Contract vs. Full-Time Developer: The Reality

Two years as a contractor, then conversion — the honest pros and cons from someone who's done both

I Started as a Contractor

My first company was a 1-year contract position. I'd been rejected from every full-time opening, and this was the only place that accepted me. "I'll build some experience and convert to full-time," I thought casually. Reality was a bit different.

From day one as a contractor, I felt it. Doing the same work, but there was an invisible wall between me and my full-time peers. Training opportunities, project assignments, even whether you're invited to team dinners — it was subtly different.

The Pay Gap Reality

Same position, same work, but I was making about 18% less than full-time employees. Factor in bonuses, performance pay, and welfare benefits, and the real gap was closer to 31%. No severance pay if you're under a year either. Not calculating this before joining was my mistake.

(I signed the contract thinking "I'll be full-time soon." Didn't expect "soon" to take 2 years.)

There Are Upsides to Contract Work

Honestly, the psychological freedom was higher. Less overtime pressure, no need to get dragged into office politics. The perception of "they're leaving when the contract ends anyway" was actually a relief sometimes. I just had to write good code.

It was also an advantage when switching jobs. "Left due to contract expiration" is a clean reason for leaving. Much easier to explain in interviews than a voluntary resignation.

The Full-Time Conversion Trap

After one year, I was expecting the conversion to full-time. Instead, the company said they'd extend my contract by 6 months. No full-time headcount available, apparently. I wasn't prepared to go elsewhere, so I accepted and spent another 6 anxious months.

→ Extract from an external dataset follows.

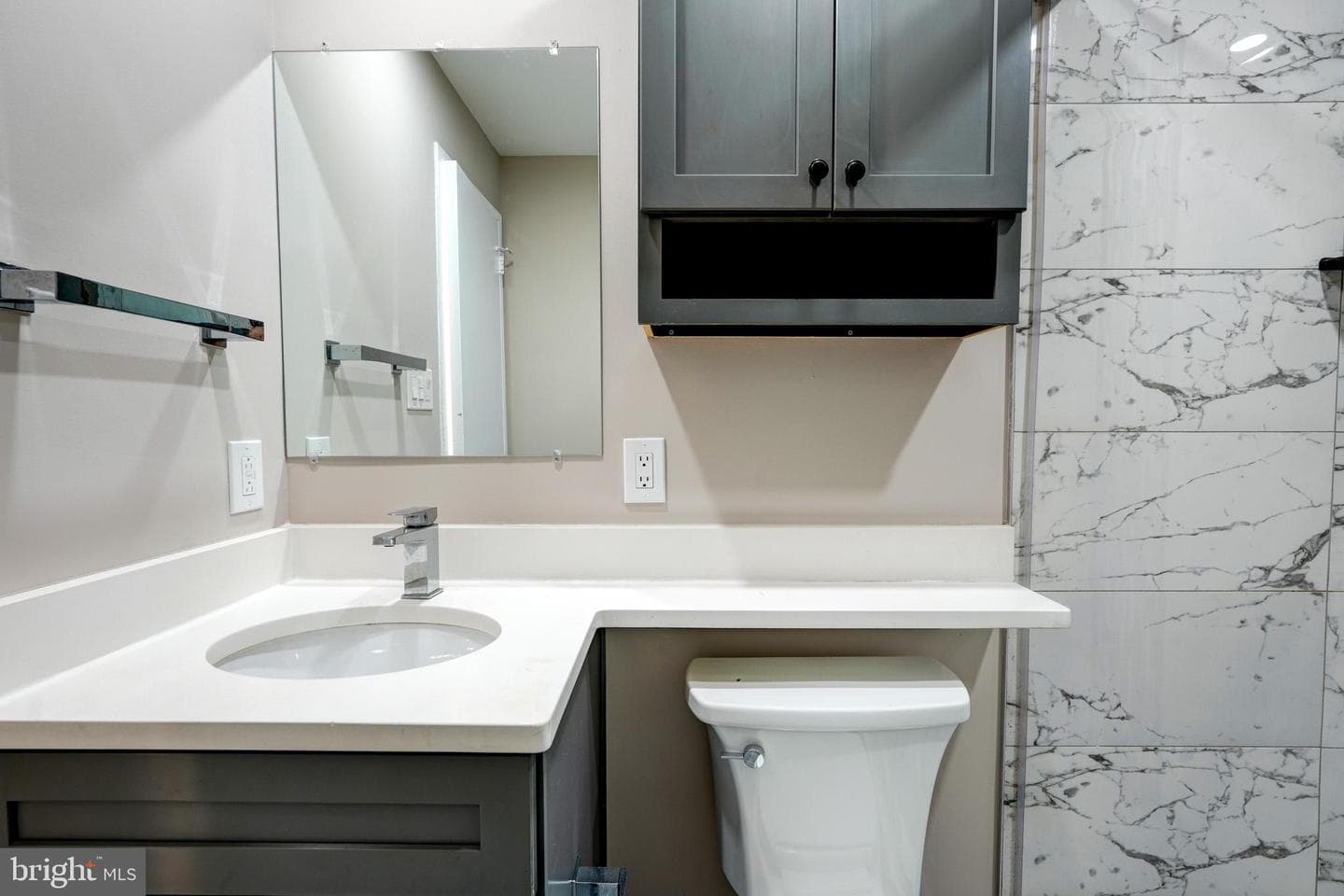 1900 Lyttonsville Road #211 photo 25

I finally got converted at the 18-month mark. But even after conversion, my salary was set at the level of a new full-time hire. My 18 months of experience weren't properly reflected. I should have negotiated, but I was thinking "I should be grateful they converted me" and just accepted it. That was a mistake.

Staffing Agency Contracts Are Another Story

A friend worked 2 years as a staffing agency contractor at a large corporation. Same office, same project, but the full-time employees had different colored ID badges and different cafeteria prices. During the year-end awards ceremony, contractors had no seats and had to skip it. He was technically well-respected, but he had no sense of belonging.

This varies by company, though. Some treat contractors equally, others draw a clear line.

Full-Time Isn't Always the Answer

As you gain experience, there comes a point where contract rates exceed full-time salaries. At the senior level, some freelance contractors make 8-12 million won per month. That's over 100 million annually. Of course, you're on your own for insurance, retirement contributions, and paid leave.

It's really a matter of choice. Want stability? Go full-time. Want flexibility? Go contract. But for juniors, full-time is genuinely better for growth. Training opportunities, participation in long-term projects, building an internal network — these often require full-time status.

If I were starting my career over? I'd probably look for full-time first, but if I couldn't find one, I'd take a contract role. Better than a gap on the resume.